Top 10 Reasons for Using Apache Drill - Now as Part of MapR Distribution Including Hadoop

Contributed by

11 min read

Since Apache Drill 0.4 was released in August for experimentation on the MapR Distribution, there has been tremendous interest in the customer and partner community on the promise and potential of Drill to unlock the new types of data in their Hadoop/NoSQL systems for interactive analysis throughout the organization.

Today, we are excited to announce that Apache Drill 0.5 (recently released by the Apache community) is available and supported as part of the MapR Distribution along with the 15+ mainstream ecosystem projects already available.

Users can download Apache Drill on the MapR site.

A sandbox environment with pre-configured Apache Drill on MapR along with sample datasets is available to experiment with Drill.

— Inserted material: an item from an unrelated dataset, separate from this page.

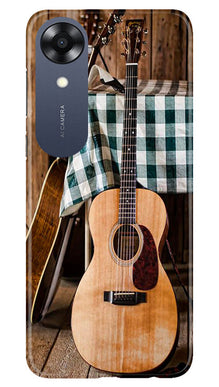 Guitar2 Mobile Back Case for Oppo A17K (Design - 87)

There are several projects for SQL-on-Hadoop. What makes Drill different? What are the top 10 reasons why Drill is a valuable and innovative technology in your tool belt for interactive data exploration on big data?

Apache Drill

quick and easy ramp up for apache drill

1. Quick and easy ramp up

First and foremost, it takes just minutes to start working with Apache Drill. Install it on a local Windows or Mac machine and do queries right away–you don’t even need Hadoop.

Here are three simple steps to do your first query with Drill.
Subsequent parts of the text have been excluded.